It seems to me like going through the whole process of creating the expression tree and then creating a query from it again is a wasted time when using sqlalchemy. Apart from an occasional dynamic query, almost everything will be exactly the same during the whole life of an application (apart from the parameters of course).
Is there any way to just save a query once it's created and reuse it later on with different parameters? Or maybe there's some internal mechanism which already does something similar?
It seems to me like going through the whole process of creating the expression tree and then creating a query from it again is a wasted time when using sqlalchemy.
Do you have any estimates on how much time is wasted, compared to the rest of the application? Profiling here is extremely important before making your program more complex. As I will often note, Reddit serves well over one billion page views a day, they use the SQLAlchemy Core to query their database, and the last time I looked at their code they make no attempt to optimize this process - they build expression trees on the fly and compile each time. We have had users that have determined that their specific system actually benefits from optimiztions in these areas, however.
I've written up some background on profiling here: How can I profile a SQLAlchemy powered application?
Is there any way to just save a query once it's created and reuse it later on with different parameters? Or maybe there's some internal mechanism which already does something similar?

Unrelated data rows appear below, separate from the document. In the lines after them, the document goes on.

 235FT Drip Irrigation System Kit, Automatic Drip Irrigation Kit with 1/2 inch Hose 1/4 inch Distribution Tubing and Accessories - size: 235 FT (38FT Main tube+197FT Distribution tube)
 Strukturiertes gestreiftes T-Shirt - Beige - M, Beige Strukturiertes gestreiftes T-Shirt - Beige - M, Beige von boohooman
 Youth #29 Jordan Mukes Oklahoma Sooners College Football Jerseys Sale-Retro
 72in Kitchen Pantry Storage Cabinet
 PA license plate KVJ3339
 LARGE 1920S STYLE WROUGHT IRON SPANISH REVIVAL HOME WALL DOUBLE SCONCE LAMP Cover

There are several methods, depending on what APIs you're using and what areas you'd like to optimize.
There's two main portions to rendering SQL - there's the construction of the expression tree, so to speak, and then the compilation of the string from the expression tree.

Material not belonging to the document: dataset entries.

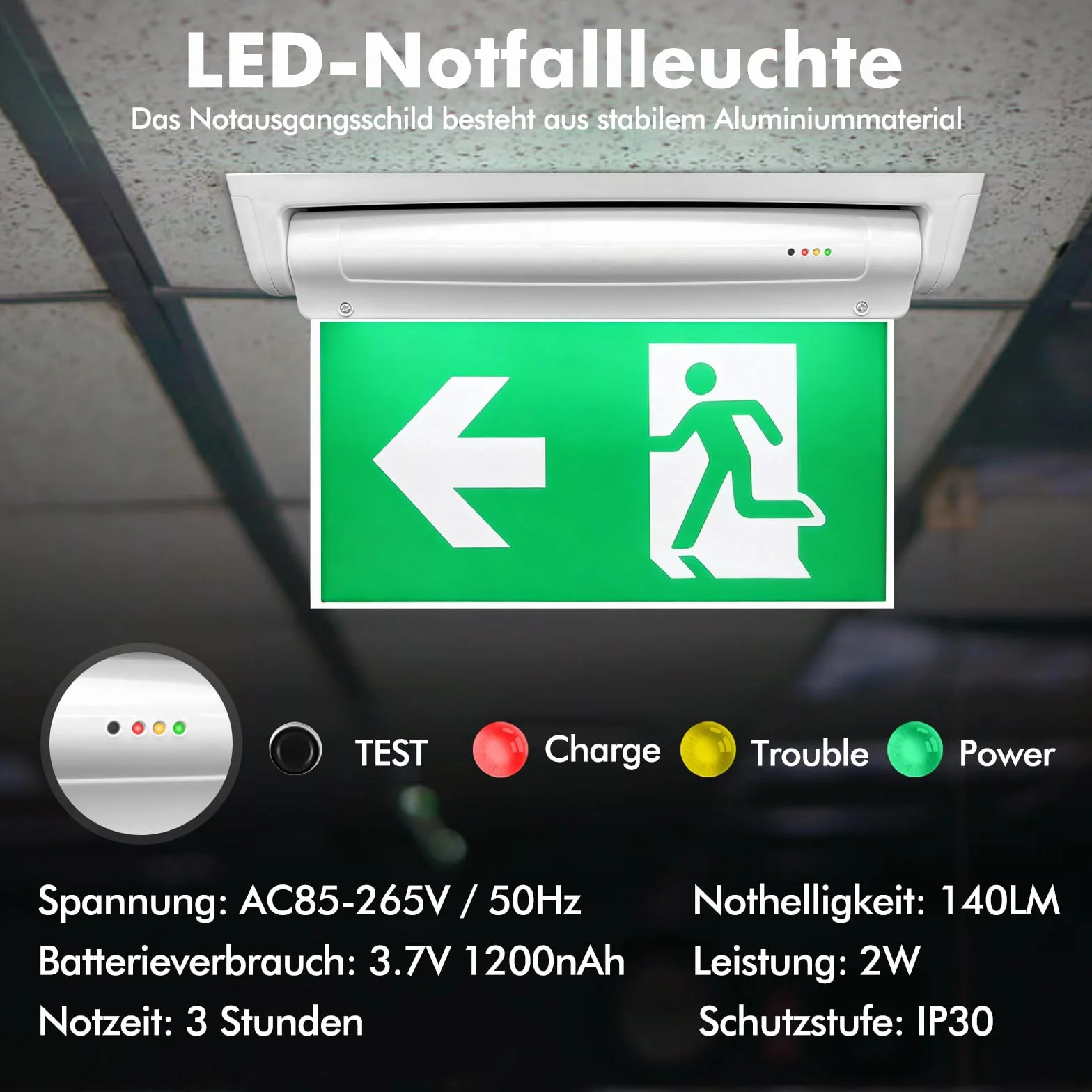 Paneles de salida de emergencia LED fotoluminiscentes con batería 3h, 6 piezas, señalización derecha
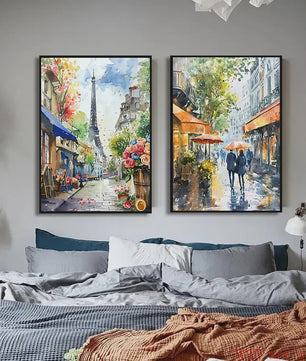 Franse Parijse Stadsgezichten Aquarel Kunst Posters Canvas Prints Wanddecoratie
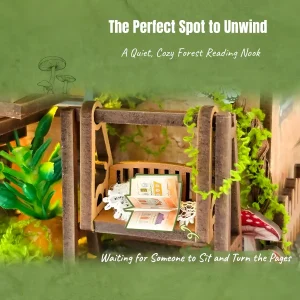 Wooden miniature swing detail inside a cozy forest reading nook with open miniature book.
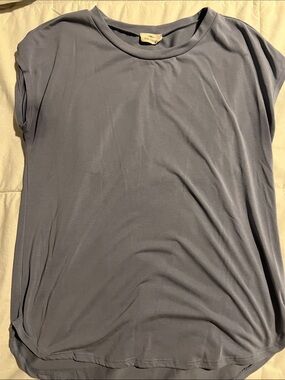 Rebel Society Dusty Blue Cap Sleeve Draped Top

The tree itself, which can either be a select() construct if using Core or a Query() if using ORM, can be reused. A select() especially has nothing associated with it that prevents it from being reused as often as you like (same for insert(), delete(), update(), etc.).
In the ORM, a Query also can be used with different sessions using the with_session() method. The win here is not as much, as Query() still produces an entire select() each time it is invoked. However as we'll see below there is a recipe that can allow this to be cached.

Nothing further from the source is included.